There is no doubt that the increasing plastic pollution of the world's oceans has also reached Norway. Plastic bottles, fishing nets and countless other plastic items can now be found even on the most remote coastline stretches in the far north of Norway and are no longer only a problem of heavily frequented beaches in the south of the country. Unsurprisingly, also the number of scientific literature addressing microplastics found in fish, pictures of marine mammals entangled in plastic waste, and observed seabirds starving despite a full stomach is increasing. Initiatives such as the recently enacted EU regulation on single-use plastic try to counteract the pollution of the oceans whereas e.g. the ATLANTIS project seeks to account for the impacts of plastics on marine ecosystems to better understand the effects of mismanaged plastics.

To invest the limited resources in research and sustainable mitigation measures in the best possible way, it is advisable to determine the current state of knowledge. This includes getting a greater picture of the extent of pollution as well as locating its source.

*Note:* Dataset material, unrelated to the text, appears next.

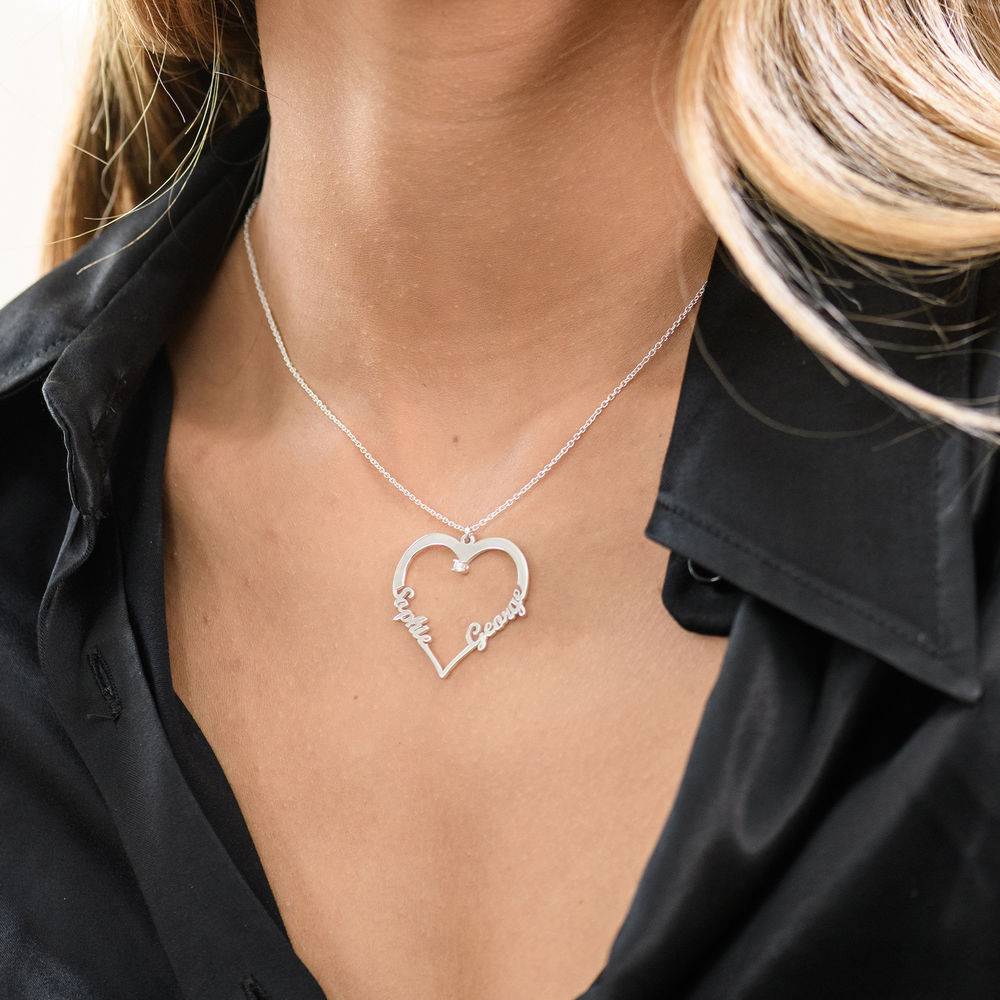 Contur Heart Pendant Necklace with Two Names in Sterling Silver with Diamond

Anyone who seeks to do so for the Norwegian case will quickly realise that no definitive statement can be made about the absolute amount of plastic pollution nor its concrete material composition. While global models and estimations exist, the Norwegian plastic pollution status has to be roughly estimated from beach clean-ups and documented losses from sea- and land-based waste sources. Especially the beach clean-ups indicate that waste from (industrial) fishing and aquaculture is mainly responsible for the increasing abundance of marine litter. According of a report published by Mepex in 2020, around 40% (weight-based) of the plastic found along the entire Norwegian coast could be attributed to the fishing industry, mostly consisting of ropes, trawls and other fishing gear. However, clear regional differences can be observed. While the relative share of plastic waste from the fishing industry rises with increasing latitude and accounts for almost 60% in the North of the country, plastic items from personal use dominate among the plastic items in the area around Oslo. A closer examination of found food packaging furthermore revealed that the vast majority of those that could be identified had their origin in Norway. Only 23% could be attributed to other countries, which gives valuable information regarding possible programmes to avoid littering or to mitigate possible shortcomings in the regional waste management systems in the future.

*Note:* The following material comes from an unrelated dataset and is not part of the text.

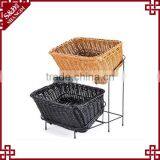 Guranteed Quality Stand Design 2-tier Rattan Bakery Display Racks thumbnail-5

The adverse effects of marine plastic litter are manifold. For example, the number of Northern fulmars found with plastic residues in their stomachs has reached a worrying level. In addition, marine mammals and even land animals grazing at the coast are affected by entanglement in mainly fishing gear. This gear, often lost or deliberately abandoned, also causes ghost fishing and thus poses a serious threat to biodiversity and fish stocks in Norway. Even though the list of encountered species affected by entanglement and ingestion is comparably lower than the well-investigated regions of the North-Western Atlantic or Northern Pacific, the number of affected species and individuals is likely to increase with further investigation. Moreover, there are other effects such as smothering of marine fauna and corals or the rafting of pollutants and alien species on plastic litter. Especially if rafting affects sensitive ecosystems, vulnerable equilibria can be disturbed and irreversible damage can occur. Even though no published observations of smothering or rafting in Norway can be found, it is unlikely that these do not take place in Norwegian waters too. In general, further research is needed to estimate the negative effects of ocean plastic waste, its long-term effects on fauna and flora as well as its socio-economic implications.

But there is hope: a bunch of preventive and end-of-pipe solutions both of technical and non-technical nature are available. The great variety reaches from financial incentives, legal approaches, technical inventions to awareness raising initiatives. But it is up to us to initiate cooperation among research, politics, businesses, and the whole society to strive for the most sustainable solution that will eventually improve the situation in our oceans.